8-K

UNITED STATES

SECURITIES AND EXCHANGE COMMISSION

Washington, D.C. 20549

FORM 8-K

CURRENT REPORT

Pursuant to

Section 13 or 15(d) of

THE SECURITIES EXCHANGE ACT OF 1934

Date of Report (Date of Earliest Event Reported): January 14, 2008

OSCIENT PHARMACEUTICALS CORPORATION

(Exact name of registrant as specified in its charter)

Massachusetts	0-10824	04-2297484
(State or other jurisdiction of incorporation)	(Commission File Number)	(I.R.S. Employer Identification Number)

1000 Winter Street, Suite 2200

Waltham, Massachusetts 02451

(Address of principal executive offices, including zip code)

(781) 398-2300

(Registrant’s telephone number, including area code)

Check the appropriate box below if the Form 8-K filing is intended to simultaneously satisfy the filing obligation of the registrant under any of the following provisions (see General Instruction A.2. below):

¨ Written communications pursuant to Rule 425 under the Securities Act (17 CFR 230.425)

¨ Soliciting material pursuant to Rule 14a-12 under the Exchange Act (17 CFR 240.14a-12)

¨ Pre-commencement communications pursuant to Rule 14d-2(b) under the Exchange Act (17 CFR 240.14d-2(b))

¨ Pre-commencement communications pursuant to Rule 13e-4(c) under the Exchange Act (17 CFR 240.13e-4(c))

ITEM 2.02. RESULTS OF OPERATIONS AND FINANCIAL CONDITION.

On January 14, 2008, Oscient Pharmaceuticals Corporation (“Oscient”) issued a news release announcing its preliminary financial results for the fourth quarter and fiscal year ended December 31, 2007. The news release contains forward-looking statements regarding Oscient and includes cautionary statements identifying important factors that could cause actual results to differ materially from those anticipated.
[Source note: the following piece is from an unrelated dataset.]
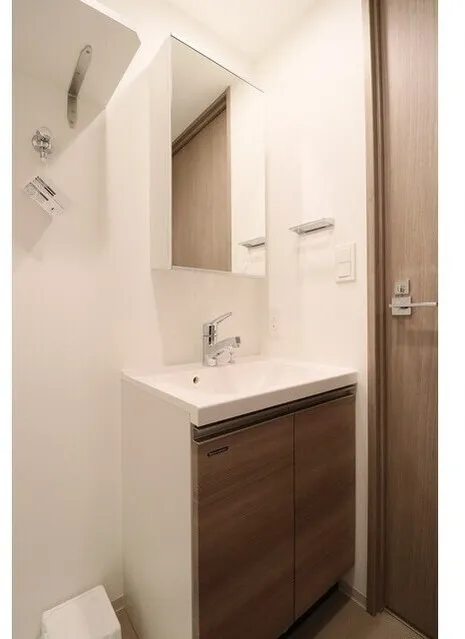 BPR Residence Oshima - Interior - ["Flooring", "Plumbing fixture", "Bathroom Sink"]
The information in this Current Report on Form 8-K and the Exhibit attached hereto shall not be deemed “filed” for purposes of Section 18 of the Securities Exchange Act of 1934, as amended (the “Exchange Act”), or otherwise subject to the liabilities of that section, nor shall it be deemed incorporated by reference in any filing under the Securities Act of 1933, as amended, or the Exchange Act, regardless of any general incorporation language in such filing.

A copy of the news release is filed as Exhibit 99.1 to this report and is incorporated herein by reference.

ITEM 9.01. FINANCIAL STATEMENTS AND EXHIBITS.

(d) Exhibits

99.1 News Release issued by Oscient Pharmaceuticals Corporation on January 14, 2008.

SIGNATURE

Pursuant to the requirements of the Securities Exchange Act of 1934, the registrant has duly caused this report to be signed on its behalf by the undersigned hereunto duly authorized.

OSCIENT PHARMACEUTICALS CORPORATION
By:	/s/ Philippe M. Maitre
Name:	Philippe M. Maitre
Title:	Senior Vice President and Chief Financial Officer

Date: January 14, 2008

EX-99.1

Exhibit 99.1

Investor Relations:

Christopher Taylor

781-398-2466

Media Relations:

Sarah Emond

781-398-2544

For Immediate Release

Oscient Pharmaceuticals Provides Preliminary Revenue Results for Fourth Quarter and Fiscal Year 2007

— 2007 revenues increase to approximately $80 million from $46 million in 2006;

ANTARA^® acquisition catalyst for growth —

Waltham, Mass., January 14, 2008 – Oscient Pharmaceuticals Corporation (Nasdaq: OSCI) today announced preliminary revenue results for the fourth quarter and fiscal year ended December 31, 2007. For the fourth quarter of 2007, the Company expects to record total revenues of approximately $25 million, with approximately $19 million from ANTARA^® (fenofibrate) capsules and approximately $6 million in revenues related to FACTIVE^® (gemifloxacin mesylate) tablets. These results compare to approximately $18 million in total revenues in the fourth quarter of 2006 and reflect nearly 40% growth.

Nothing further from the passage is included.